▶ [Assignment]:
A faithful copy of the listing below is needed, one that contains no pictures.

▶ [Provided material]:
▼

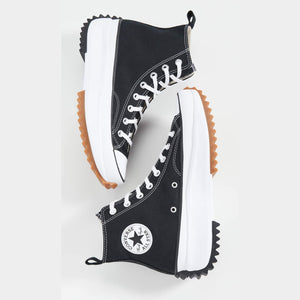 Converse Run Star Hike Hi Sneakers, Black/White/Gum, 5.5 US Women/4 US Men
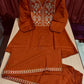 Cotton Embroidered Short Kurta Pant Set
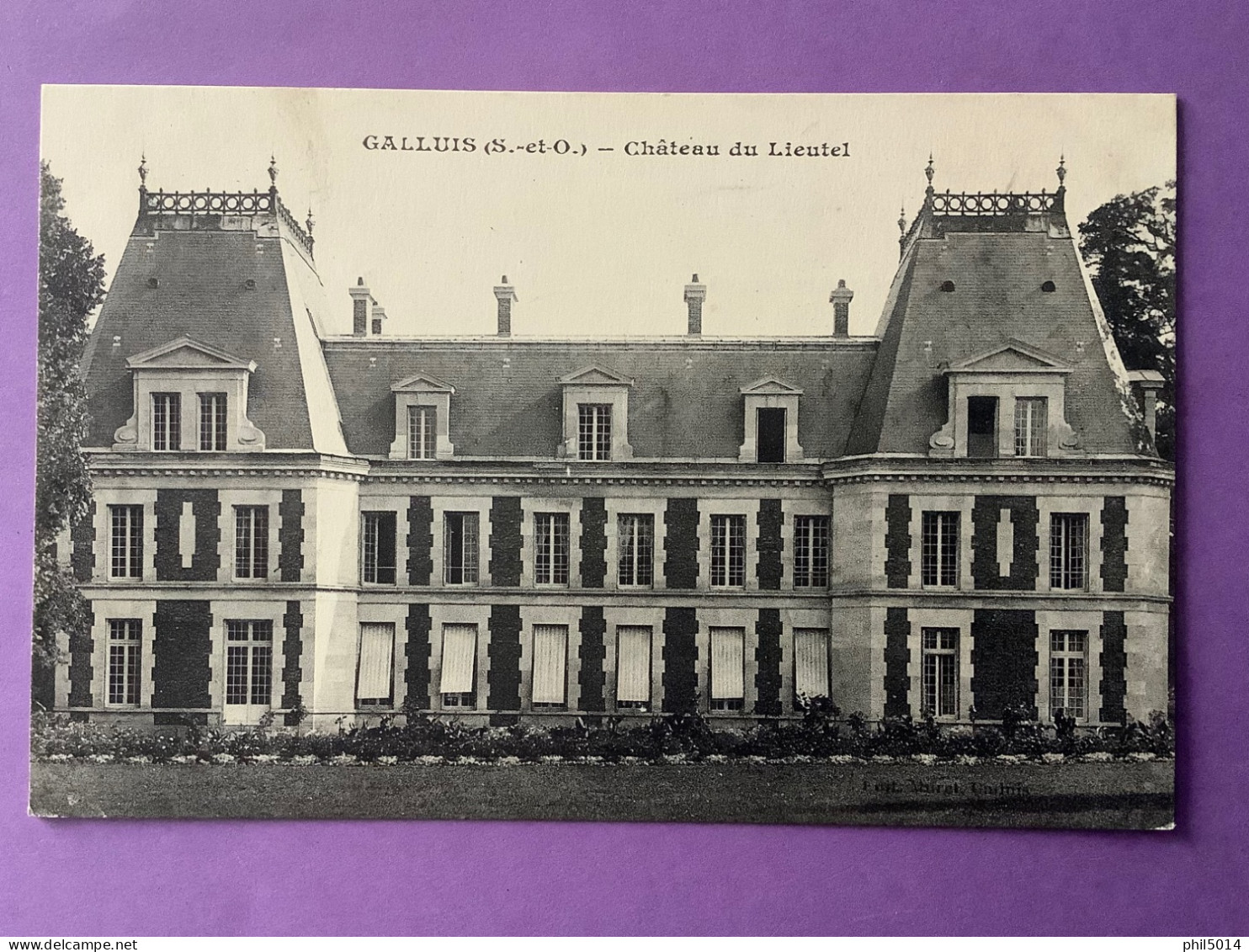 78    GALLUIS   Château De Lieutel      Bon état - Sonstige & Ohne Zuordnung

▲

▶ [Answer to this problem]:
 Converse Run Star Hike Hi Sneakers, Black/White/Gum, 5.5 US Women/4 US Men
 Cotton Embroidered Short Kurta Pant Set
 78    GALLUIS   Château De Lieutel      Bon état - Sonstige & Ohne Zuordnung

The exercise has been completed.